**MATERIAL FOR THIS TASK:**
━━━━━━━━━━━━━━━━━━━━
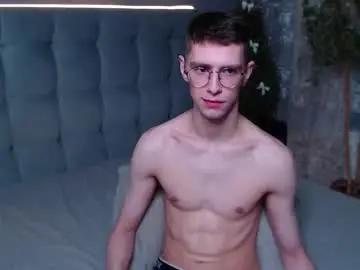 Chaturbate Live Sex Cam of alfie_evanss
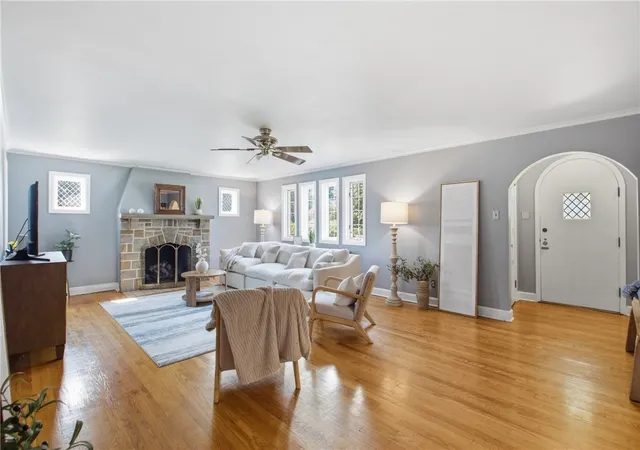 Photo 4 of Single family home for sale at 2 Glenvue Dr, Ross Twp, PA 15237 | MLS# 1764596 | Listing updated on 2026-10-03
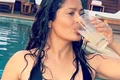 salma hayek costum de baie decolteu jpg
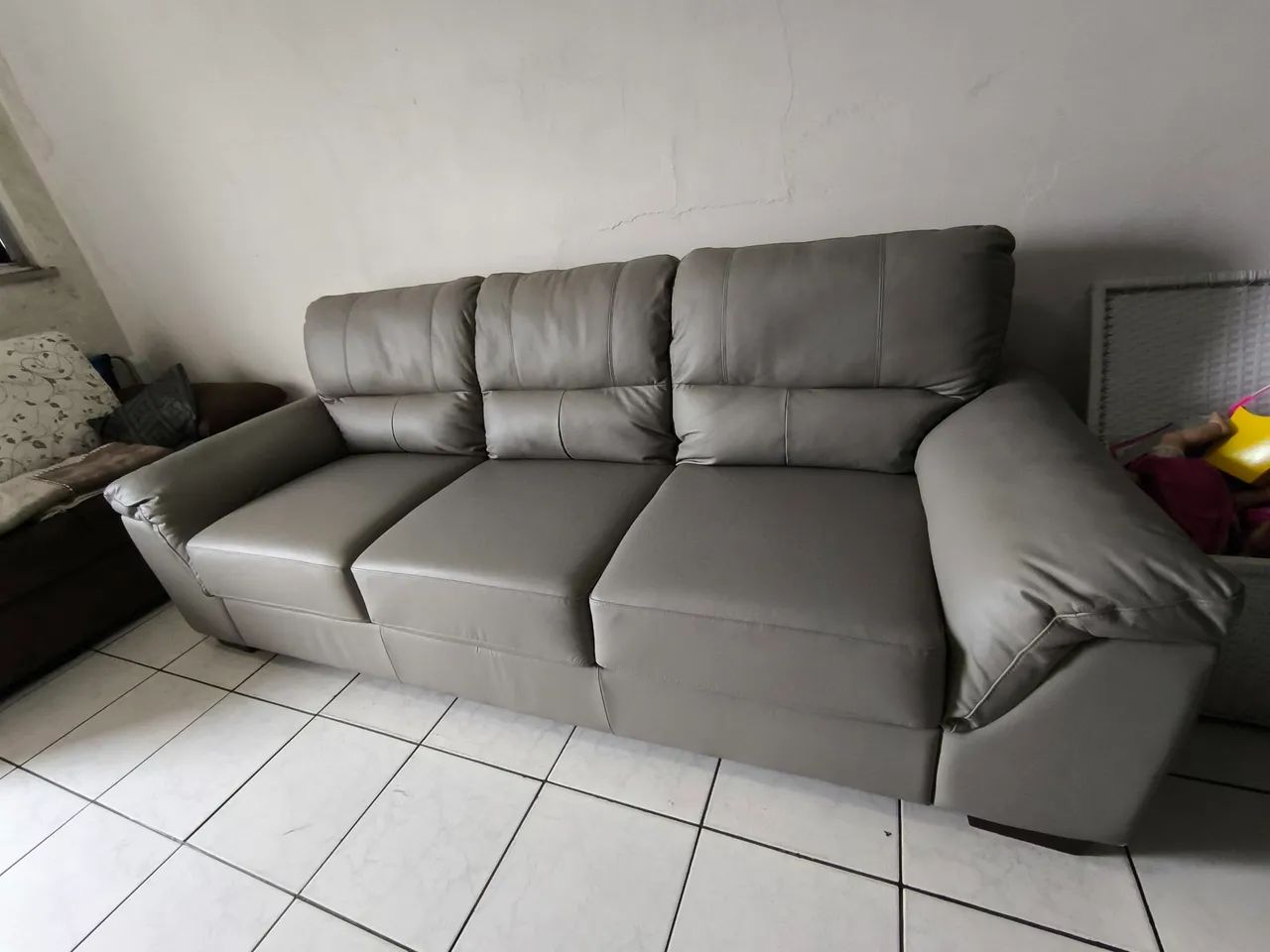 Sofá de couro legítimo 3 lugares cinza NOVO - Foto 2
━━━━━━━━━━━━━━━━━━━━
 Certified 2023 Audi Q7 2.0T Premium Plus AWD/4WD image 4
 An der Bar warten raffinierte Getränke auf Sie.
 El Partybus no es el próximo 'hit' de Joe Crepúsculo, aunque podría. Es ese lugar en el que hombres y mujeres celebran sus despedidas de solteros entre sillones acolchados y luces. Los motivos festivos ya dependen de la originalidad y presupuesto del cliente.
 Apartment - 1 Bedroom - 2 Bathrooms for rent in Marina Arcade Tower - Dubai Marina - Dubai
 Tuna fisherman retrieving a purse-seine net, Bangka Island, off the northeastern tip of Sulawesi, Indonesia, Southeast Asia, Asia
━━━━━━━━━━━━━━━━━━━━
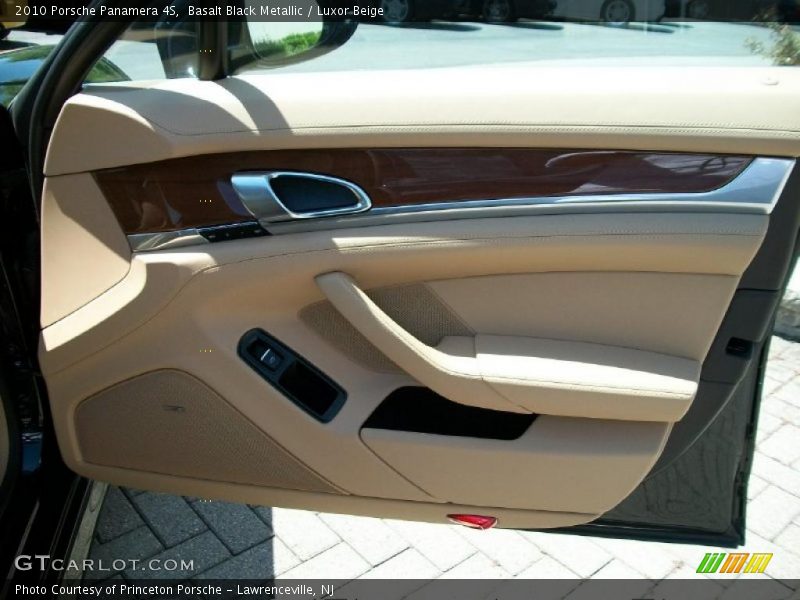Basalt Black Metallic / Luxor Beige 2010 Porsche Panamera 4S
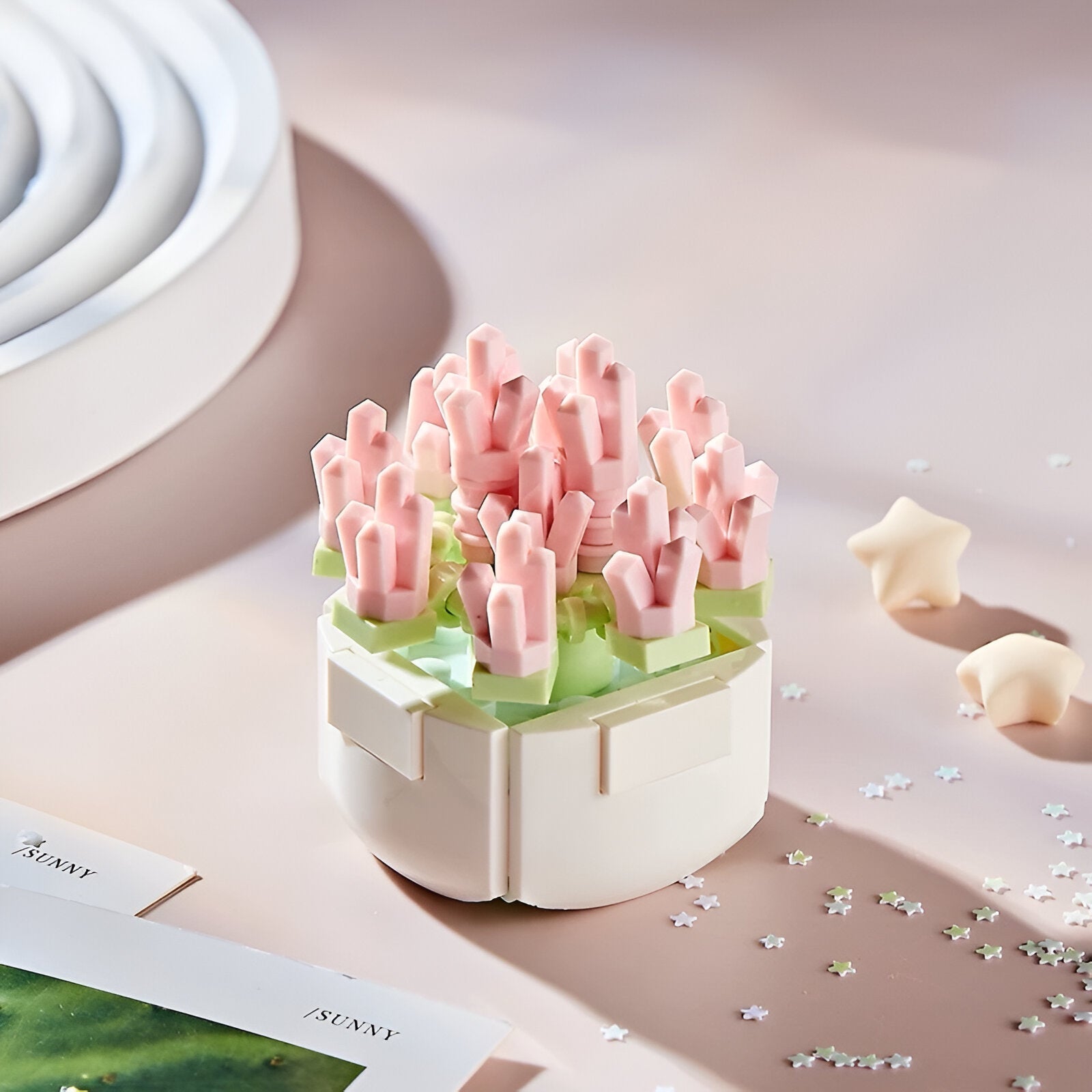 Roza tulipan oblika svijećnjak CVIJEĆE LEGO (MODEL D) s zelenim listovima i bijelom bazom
━━━━━━━━━━━━━━━━━━━━
Leave out the images and write out the lines above exactly, from the one with "Chaturbate Live Sex Cam of alfie_evanss" up to and including the one with "Sofá de couro".

 Chaturbate Live Sex Cam of alfie_evanss
 Photo 4 of Single family home for sale at 2 Glenvue Dr, Ross Twp, PA 15237 | MLS# 1764596 | Listing updated on 2026-10-03
 salma hayek costum de baie decolteu jpg
 Sofá de couro legítimo 3 lugares cinza NOVO - Foto 2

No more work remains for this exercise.